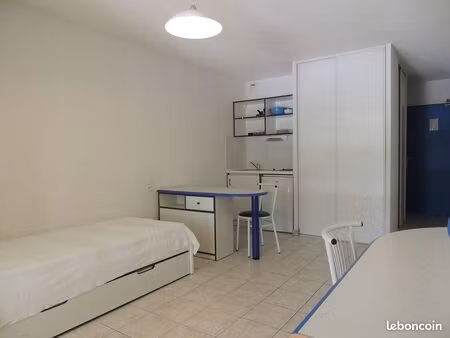 a louer studio de 25 m² dans residence calme a la garde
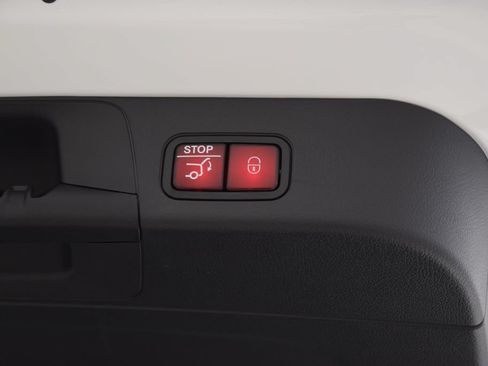 Used 2024 Mercedes-Benz EQB 250+ image 30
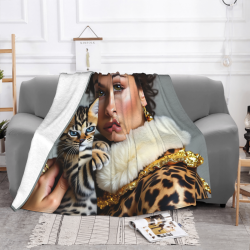 280g horizontales Flanell-Decke mit süßem Haustier und Charakterdruck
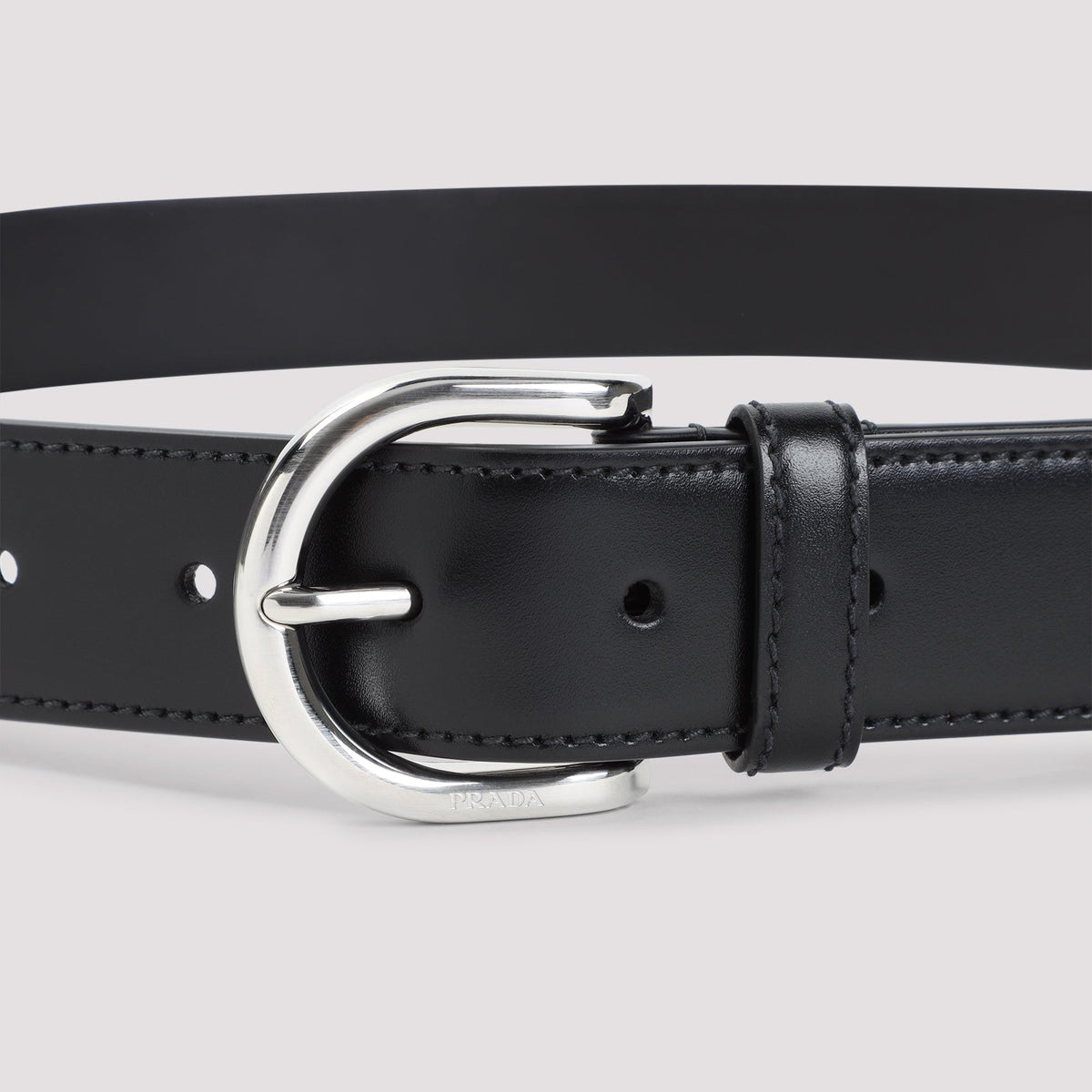 PRADA Elegant Leather Belt for Women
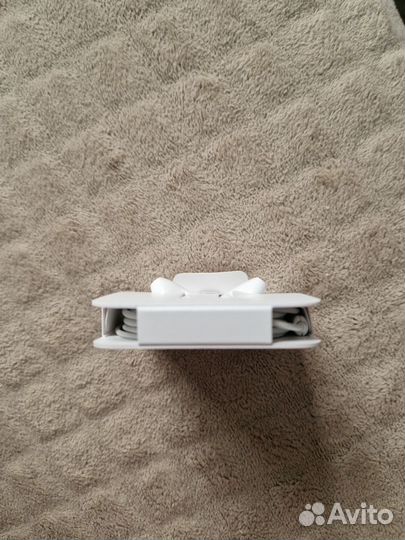 Наушники Apple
· · ·
Your output should be the full set of entries above, restated word for word and free of pictures.

 a louer studio de 25 m² dans residence calme a la garde
 Used 2024 Mercedes-Benz EQB 250+ image 30
 280g horizontales Flanell-Decke mit süßem Haustier und Charakterdruck
 PRADA Elegant Leather Belt for Women
 Наушники Apple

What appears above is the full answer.